+++ Data extracts

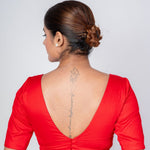 Red Deep V Neck Blouse with Elbow Sleeves & Back Hook Closer - Anvi Couture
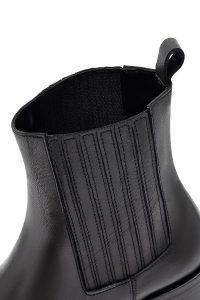 بوت چلسی زنانه چرمی مشکی پاشنه ضخیم دری مد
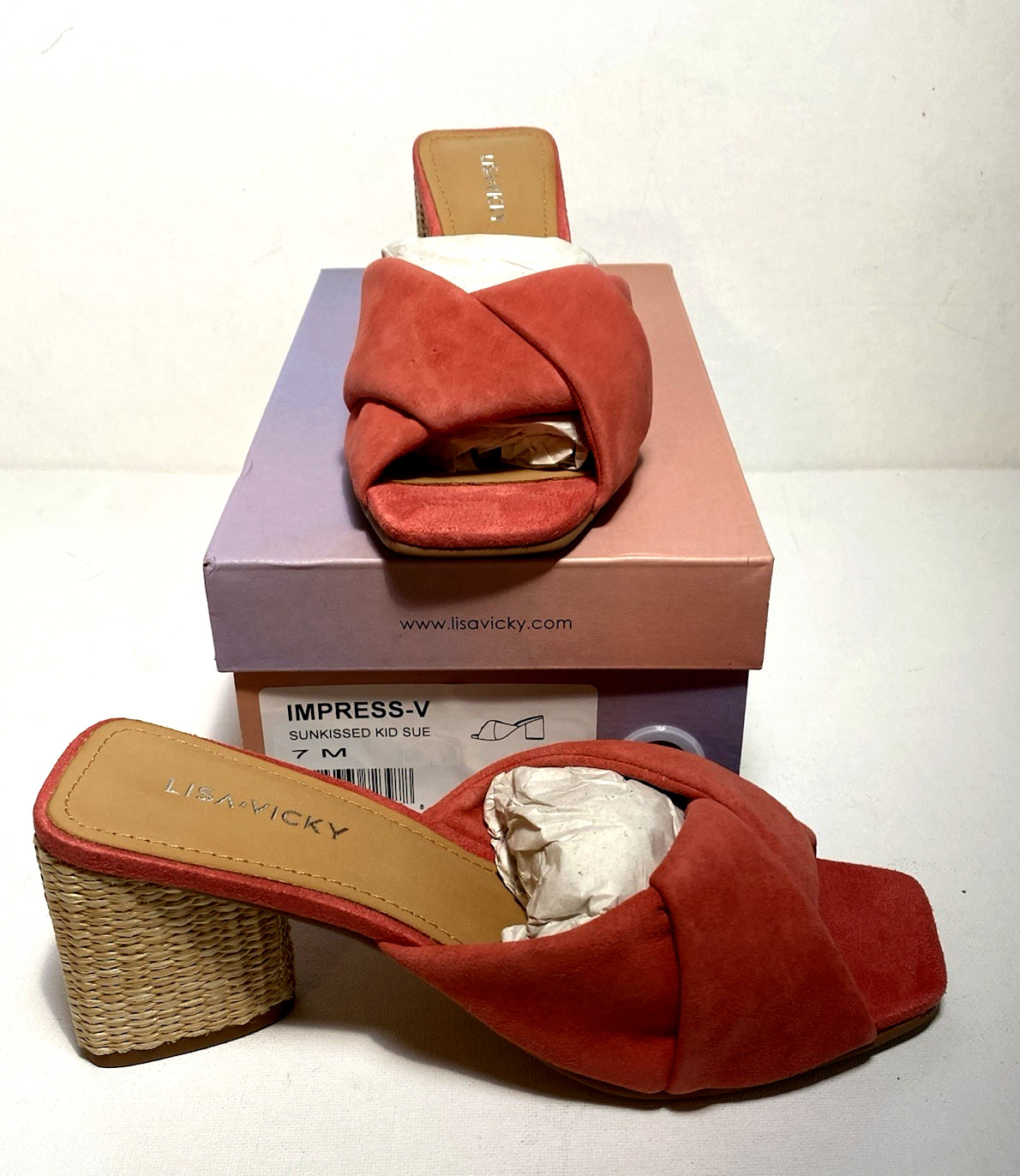 Lisa Vicky IMPRESS Platform Slide Sandals Women’s 7 M Sunkissed Suede Block Heel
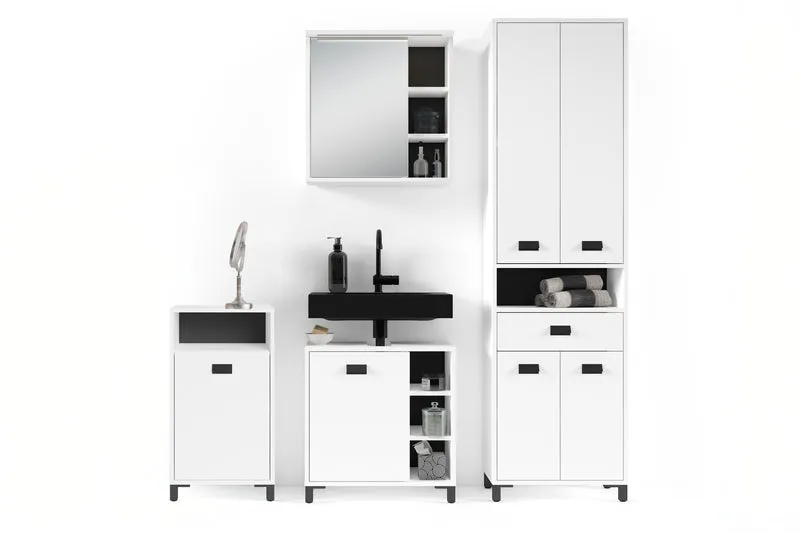 Badezimmer Seitenschrank WELLNESS in Artisan Eiche, Griff aus Metall in schwarz / Badschrank mit einem offenen Fach und einer Tür / B 42, H 77,5, T 31 cm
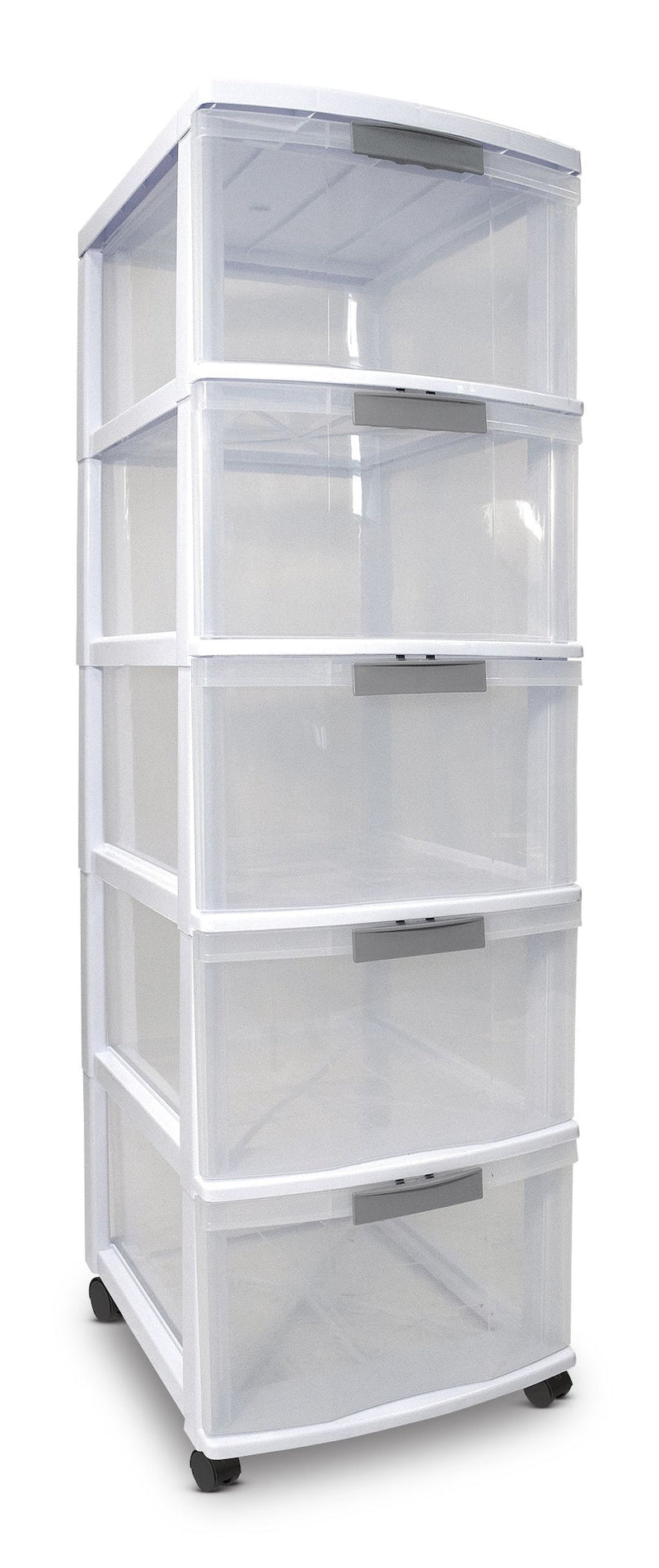 type A Element Lockable White Frame 5-Drawer Storage Tower/Cart with Wheels, 26-in J2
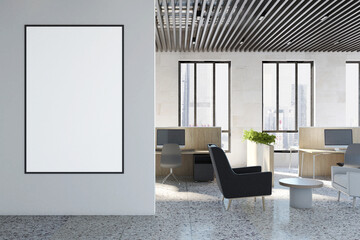 Modern office interior with empty mock up frame, city view, armchairs, workplaces and equipment. 3D Rendering.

++++++

_Problem to work on_
In the listing above, the required lines run from the line with "Badezimmer Seitenschrank WELLNESS" through the line with "type A Element". Output exactly those lines, omitting pictures.

_Result for this task_
 Badezimmer Seitenschrank WELLNESS in Artisan Eiche, Griff aus Metall in schwarz / Badschrank mit einem offenen Fach und einer Tür / B 42, H 77,5, T 31 cm
 type A Element Lockable White Frame 5-Drawer Storage Tower/Cart with Wheels, 26-in J2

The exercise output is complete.